Parmi les temps forts de cette quatrième édition figure un panel consacré aux femmes artistes autour du thème « Art et engagement ». Cette rencontre permettra notamment d’interroger la place des femmes dans les industries créatives et leur contribution à la création artistique, tout en abordant la capacité de l’art à porter des messages sur les questions sociales.
Le choix du thème « La voix des silencieuses » donne ainsi une résonance particulière à cette rencontre, en faisant du festival un espace où les questions liées aux violences faites aux femmes peuvent être abordées à travers la création et le débat.
La compétition sera également au rendez-vous avec l’organisation d’un battle de graffiti, destiné à désigner le meilleur graffeur de Kinshasa.
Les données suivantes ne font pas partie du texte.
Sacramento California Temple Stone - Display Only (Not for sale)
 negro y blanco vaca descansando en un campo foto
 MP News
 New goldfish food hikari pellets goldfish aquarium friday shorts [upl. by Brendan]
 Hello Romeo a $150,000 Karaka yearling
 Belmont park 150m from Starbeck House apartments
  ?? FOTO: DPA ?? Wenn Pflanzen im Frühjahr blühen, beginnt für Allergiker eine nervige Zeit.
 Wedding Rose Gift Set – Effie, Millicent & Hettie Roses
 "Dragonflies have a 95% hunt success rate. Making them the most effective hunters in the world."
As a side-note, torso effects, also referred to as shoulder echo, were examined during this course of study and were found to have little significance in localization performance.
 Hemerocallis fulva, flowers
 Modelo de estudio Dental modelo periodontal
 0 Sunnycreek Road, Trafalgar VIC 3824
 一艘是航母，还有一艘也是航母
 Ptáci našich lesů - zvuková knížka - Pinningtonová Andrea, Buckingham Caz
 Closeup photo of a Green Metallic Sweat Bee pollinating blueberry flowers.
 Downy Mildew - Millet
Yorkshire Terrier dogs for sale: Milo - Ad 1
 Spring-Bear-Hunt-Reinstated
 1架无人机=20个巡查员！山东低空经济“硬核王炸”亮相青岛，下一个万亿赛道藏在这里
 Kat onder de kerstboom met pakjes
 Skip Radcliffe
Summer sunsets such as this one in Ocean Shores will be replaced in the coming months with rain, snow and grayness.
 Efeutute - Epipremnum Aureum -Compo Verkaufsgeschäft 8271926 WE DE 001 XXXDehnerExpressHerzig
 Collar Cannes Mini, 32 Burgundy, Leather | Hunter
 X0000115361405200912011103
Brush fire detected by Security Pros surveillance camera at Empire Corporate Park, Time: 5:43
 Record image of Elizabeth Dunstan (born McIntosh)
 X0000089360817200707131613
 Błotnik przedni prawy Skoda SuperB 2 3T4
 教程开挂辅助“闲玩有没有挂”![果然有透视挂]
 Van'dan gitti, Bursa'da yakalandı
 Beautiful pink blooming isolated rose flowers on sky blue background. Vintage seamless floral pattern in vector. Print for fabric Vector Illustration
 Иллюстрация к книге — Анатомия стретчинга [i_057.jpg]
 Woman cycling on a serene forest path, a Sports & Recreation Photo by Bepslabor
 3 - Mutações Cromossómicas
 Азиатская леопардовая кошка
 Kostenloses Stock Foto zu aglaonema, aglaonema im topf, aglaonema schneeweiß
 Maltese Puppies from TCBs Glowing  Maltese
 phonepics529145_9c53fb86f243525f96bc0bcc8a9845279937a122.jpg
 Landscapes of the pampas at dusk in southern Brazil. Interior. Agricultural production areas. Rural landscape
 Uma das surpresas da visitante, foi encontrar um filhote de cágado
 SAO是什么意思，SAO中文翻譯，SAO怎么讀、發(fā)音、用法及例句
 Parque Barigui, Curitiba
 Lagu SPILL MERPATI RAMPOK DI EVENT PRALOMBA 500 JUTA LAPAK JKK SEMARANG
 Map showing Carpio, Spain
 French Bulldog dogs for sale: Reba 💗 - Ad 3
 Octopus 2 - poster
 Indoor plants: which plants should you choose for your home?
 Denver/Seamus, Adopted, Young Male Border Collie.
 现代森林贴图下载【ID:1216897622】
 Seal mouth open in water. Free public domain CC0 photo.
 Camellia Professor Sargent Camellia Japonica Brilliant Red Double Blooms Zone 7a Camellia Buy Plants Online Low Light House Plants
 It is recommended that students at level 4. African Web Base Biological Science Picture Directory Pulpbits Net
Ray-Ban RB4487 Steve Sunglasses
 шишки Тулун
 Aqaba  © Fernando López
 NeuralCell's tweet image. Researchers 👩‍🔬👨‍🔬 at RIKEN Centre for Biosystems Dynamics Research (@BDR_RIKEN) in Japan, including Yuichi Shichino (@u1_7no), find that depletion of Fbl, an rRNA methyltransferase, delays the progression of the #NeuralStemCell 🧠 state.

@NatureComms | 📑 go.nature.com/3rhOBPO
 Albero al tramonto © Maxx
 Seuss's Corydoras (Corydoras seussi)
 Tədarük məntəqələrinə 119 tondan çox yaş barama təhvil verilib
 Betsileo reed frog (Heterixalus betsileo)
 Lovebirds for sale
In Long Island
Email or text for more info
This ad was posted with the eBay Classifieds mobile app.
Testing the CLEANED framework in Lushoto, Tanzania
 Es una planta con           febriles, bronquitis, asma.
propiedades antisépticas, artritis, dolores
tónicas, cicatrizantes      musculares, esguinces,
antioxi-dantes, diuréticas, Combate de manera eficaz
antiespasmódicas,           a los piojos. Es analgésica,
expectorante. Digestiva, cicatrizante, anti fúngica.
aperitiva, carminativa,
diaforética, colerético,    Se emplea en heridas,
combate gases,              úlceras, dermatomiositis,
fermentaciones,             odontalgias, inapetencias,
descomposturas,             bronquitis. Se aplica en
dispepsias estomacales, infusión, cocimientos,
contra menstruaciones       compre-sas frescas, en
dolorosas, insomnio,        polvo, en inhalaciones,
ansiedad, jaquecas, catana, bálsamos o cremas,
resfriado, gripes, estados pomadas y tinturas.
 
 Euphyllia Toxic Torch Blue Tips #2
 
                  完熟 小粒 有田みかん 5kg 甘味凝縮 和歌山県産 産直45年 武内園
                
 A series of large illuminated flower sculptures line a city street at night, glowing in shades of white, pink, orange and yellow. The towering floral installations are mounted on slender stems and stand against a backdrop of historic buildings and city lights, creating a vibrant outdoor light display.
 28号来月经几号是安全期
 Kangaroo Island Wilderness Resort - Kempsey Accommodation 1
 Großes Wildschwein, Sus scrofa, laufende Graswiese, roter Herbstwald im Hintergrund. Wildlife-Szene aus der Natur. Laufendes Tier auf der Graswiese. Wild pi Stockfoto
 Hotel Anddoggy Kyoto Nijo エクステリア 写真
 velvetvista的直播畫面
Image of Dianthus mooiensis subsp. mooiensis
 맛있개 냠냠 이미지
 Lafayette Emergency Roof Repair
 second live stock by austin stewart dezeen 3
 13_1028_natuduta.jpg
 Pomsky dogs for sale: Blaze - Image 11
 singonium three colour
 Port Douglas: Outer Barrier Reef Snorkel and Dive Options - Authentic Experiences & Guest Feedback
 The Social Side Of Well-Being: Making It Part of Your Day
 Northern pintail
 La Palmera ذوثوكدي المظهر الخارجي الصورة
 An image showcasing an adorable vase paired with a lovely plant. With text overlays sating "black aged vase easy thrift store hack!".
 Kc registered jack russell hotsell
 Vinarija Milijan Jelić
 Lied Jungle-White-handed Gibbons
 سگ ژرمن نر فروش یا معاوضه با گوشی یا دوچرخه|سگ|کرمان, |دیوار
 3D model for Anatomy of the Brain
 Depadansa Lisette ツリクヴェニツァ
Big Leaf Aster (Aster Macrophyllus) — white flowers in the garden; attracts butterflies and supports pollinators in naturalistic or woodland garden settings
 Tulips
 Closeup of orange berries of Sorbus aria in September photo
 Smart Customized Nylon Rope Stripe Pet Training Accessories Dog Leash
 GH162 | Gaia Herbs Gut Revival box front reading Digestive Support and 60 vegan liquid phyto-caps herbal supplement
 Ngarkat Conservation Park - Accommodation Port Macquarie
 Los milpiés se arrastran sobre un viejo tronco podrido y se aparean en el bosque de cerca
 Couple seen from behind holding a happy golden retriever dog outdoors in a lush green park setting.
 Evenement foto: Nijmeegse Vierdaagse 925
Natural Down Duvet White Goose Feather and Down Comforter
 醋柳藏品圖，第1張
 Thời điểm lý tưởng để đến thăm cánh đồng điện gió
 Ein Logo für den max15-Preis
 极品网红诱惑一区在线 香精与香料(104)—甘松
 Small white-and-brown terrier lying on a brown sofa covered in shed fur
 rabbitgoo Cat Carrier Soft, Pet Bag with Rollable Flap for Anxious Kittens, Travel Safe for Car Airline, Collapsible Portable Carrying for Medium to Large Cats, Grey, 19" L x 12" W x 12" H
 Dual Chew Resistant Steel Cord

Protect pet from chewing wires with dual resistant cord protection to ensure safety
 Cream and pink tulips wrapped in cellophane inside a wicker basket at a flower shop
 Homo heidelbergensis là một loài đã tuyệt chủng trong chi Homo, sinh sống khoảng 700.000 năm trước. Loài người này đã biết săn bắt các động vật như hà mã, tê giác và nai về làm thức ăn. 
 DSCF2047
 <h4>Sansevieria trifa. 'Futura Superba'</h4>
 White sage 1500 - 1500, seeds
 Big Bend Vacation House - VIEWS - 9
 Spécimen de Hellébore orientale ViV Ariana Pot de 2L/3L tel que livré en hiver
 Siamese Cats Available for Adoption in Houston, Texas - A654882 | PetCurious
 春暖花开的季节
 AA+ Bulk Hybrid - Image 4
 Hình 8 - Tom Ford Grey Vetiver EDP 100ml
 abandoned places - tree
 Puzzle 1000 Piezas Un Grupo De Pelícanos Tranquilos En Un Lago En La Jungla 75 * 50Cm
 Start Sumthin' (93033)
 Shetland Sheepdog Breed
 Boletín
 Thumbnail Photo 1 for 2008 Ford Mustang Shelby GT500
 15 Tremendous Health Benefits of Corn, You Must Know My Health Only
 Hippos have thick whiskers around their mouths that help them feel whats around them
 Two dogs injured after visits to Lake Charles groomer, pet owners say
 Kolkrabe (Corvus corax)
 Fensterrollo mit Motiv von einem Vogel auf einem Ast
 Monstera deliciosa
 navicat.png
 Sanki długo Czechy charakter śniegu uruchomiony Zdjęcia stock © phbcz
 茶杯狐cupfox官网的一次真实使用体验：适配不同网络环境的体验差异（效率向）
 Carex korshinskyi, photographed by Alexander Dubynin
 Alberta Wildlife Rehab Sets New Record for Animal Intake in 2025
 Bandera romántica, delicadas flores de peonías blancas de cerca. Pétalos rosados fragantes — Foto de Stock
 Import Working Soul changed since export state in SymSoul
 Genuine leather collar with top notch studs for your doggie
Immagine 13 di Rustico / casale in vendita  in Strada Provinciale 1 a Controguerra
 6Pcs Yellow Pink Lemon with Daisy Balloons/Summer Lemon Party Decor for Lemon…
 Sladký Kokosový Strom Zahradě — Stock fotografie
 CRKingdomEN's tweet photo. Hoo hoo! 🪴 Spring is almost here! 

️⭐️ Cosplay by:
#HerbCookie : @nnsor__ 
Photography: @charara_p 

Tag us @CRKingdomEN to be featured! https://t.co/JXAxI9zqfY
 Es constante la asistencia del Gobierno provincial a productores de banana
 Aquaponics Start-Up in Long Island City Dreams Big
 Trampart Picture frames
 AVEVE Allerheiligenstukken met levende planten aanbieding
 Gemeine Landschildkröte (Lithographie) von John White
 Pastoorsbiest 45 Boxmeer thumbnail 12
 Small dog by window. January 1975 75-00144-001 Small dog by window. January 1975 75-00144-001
À la clé pour le vainqueur : une bourse de formation de deux semaines à la RBS AKADEMIA, au Sénégal, présentée par les organisateurs comme un centre de formation spécialisé dans le graffiti.
Cette compétition vient renforcer la place accordée au graffiti dans l’identité du Kinshasa Urban Art Fest. Lors de l’édition précédente, les organisateurs avaient déjà annoncé vouloir recentrer davantage le festival sur cette discipline, considérée comme la « discipline mère » du street art.
À travers cette quatrième édition, le Kinshasa Urban Art Fest entend une nouvelle fois dépasser le simple cadre de l’exposition artistique. Le festival veut faire de la rue, des murs et des espaces culturels des lieux de dialogue autour des réalités de la société congolaise.
Cette dimension engagée s’inscrit dans la démarche défendue par les organisateurs depuis les précédentes éditions. En 2025, le festival avait notamment présenté le street art comme un moyen de transmettre des messages d’espoir, de paix et de résistance. La fresque « Matumaini », réalisée à Limete à l’issue de la troisième édition, avait prolongé cette démarche en inscrivant durablement le message du festival dans l’espace public.
Avec « La voix des silencieuses », le KUAF entend désormais porter un autre message : donner une visibilité aux femmes et aux problématiques qui les concernent, notamment les violences faites à leur égard.
Entre création artistique, transmission des savoirs, compétition et engagement social, cette quatrième édition entend ainsi confirmer la place du Kinshasa Urban Art Fest dans le paysage des cultures urbaines en République démocratique du Congo.
Après neuf jours d’activités, le festival s’achèvera le 12 septembre par des concerts de clôture, offrant une dernière scène aux artistes et au public kinois.